Power Supply Noise Filtering
Techniques for cleaning switching-supply ripple — LC, π-filter, ferrite, and LDO post-reg.
Reference
Filter options
| Filter | Attenuation | Notes |
|---|---|---|
| Shunt cap | −20 dB/decade | Simple; ESR limits HF performance |
| LC filter | −40 dB/decade | Two-pole, better attenuation |
| π-filter (C-L-C) | −40 dB/decade | Symmetric, common for PSU output |
| Ferrite bead + cap | HF trap | Bead is inductive + lossy at HF — ideal for power rails |
| Common-mode choke | CM noise | Needed for conducted-EMI certification |
| LDO post-reg | 60–80 dB PSRR at LF | Cleanest analog rails |
| Faraday cage | — | Mechanical shielding for sensitive stages |
Bypass cap guidelines
- Place a 100 nF ceramic < 5 mm from every IC power pin.
- Add a 1–10 µF local bulk near each group of ICs.
- Add a 10–100 µF electrolytic or polymer at the board input.
- Don't mix dissimilar ESR caps without checking for anti-resonance notches.

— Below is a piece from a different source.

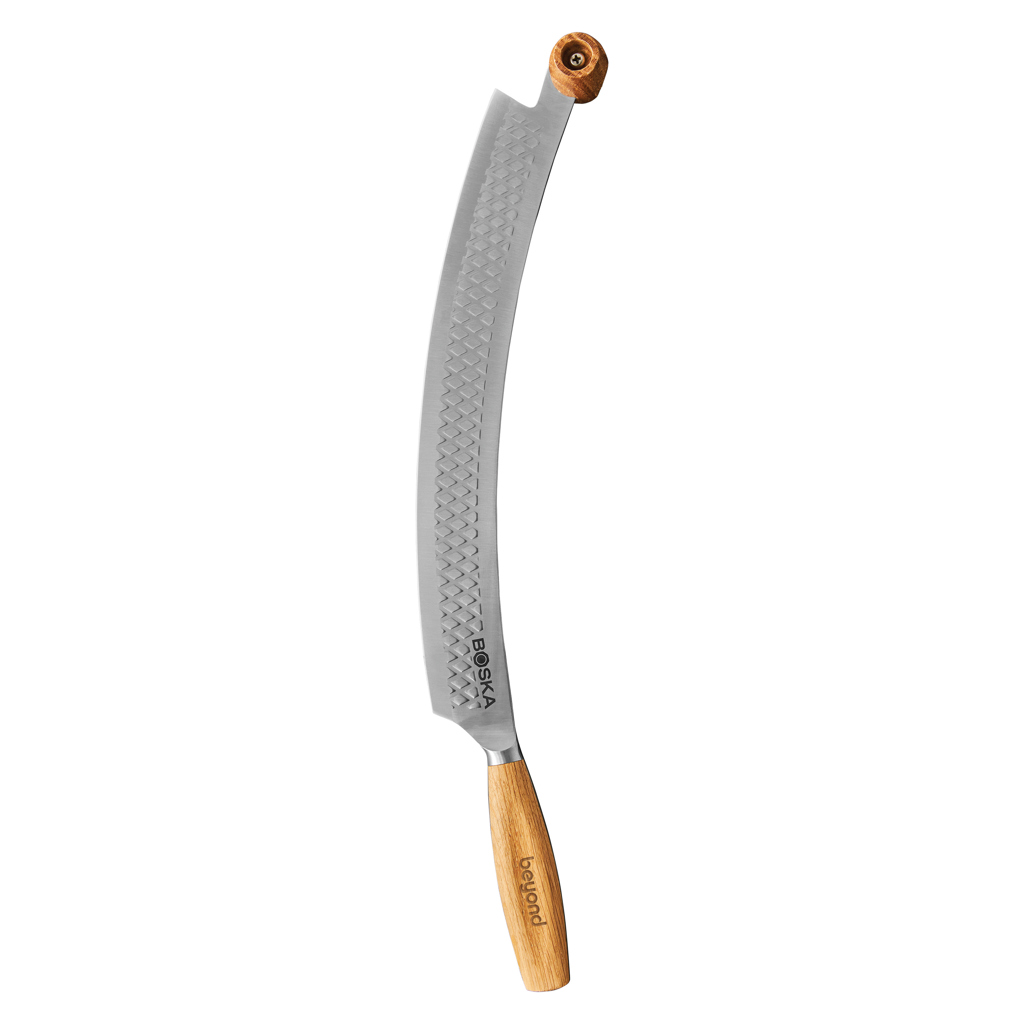 Cuchillo para pizza y queso BOSKA Oslo+Nr.4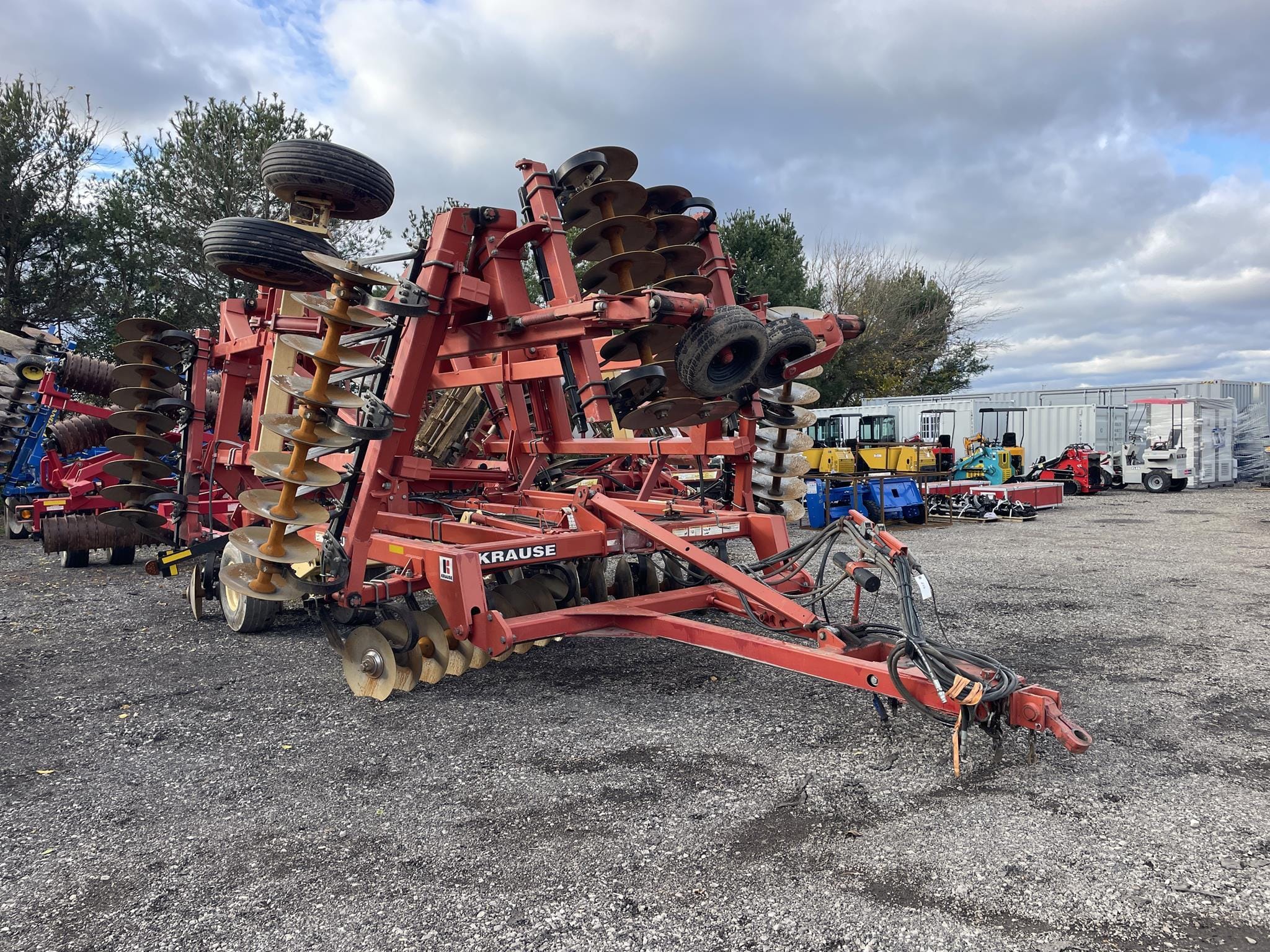 Main image Krause 8200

- Use X7R/X5R (not Y5V) for stable capacitance over voltage and temp.
Placement
- Shortest possible loop from cap to IC pin (local GND return).
- Via directly to ground plane — don't snake through other vias.
- For BGA, drop bypass caps on the opposite side directly under the IC.
- Star grounding for analog + digital sections to avoid mixing noise currents.
Notes
- Typical switcher output ripple: 10–50 mV p-p at switching frequency + spikes at switching edges.
- PSRR (power supply rejection ratio) of LDOs drops at high frequency — add filtering upstream for HF noise.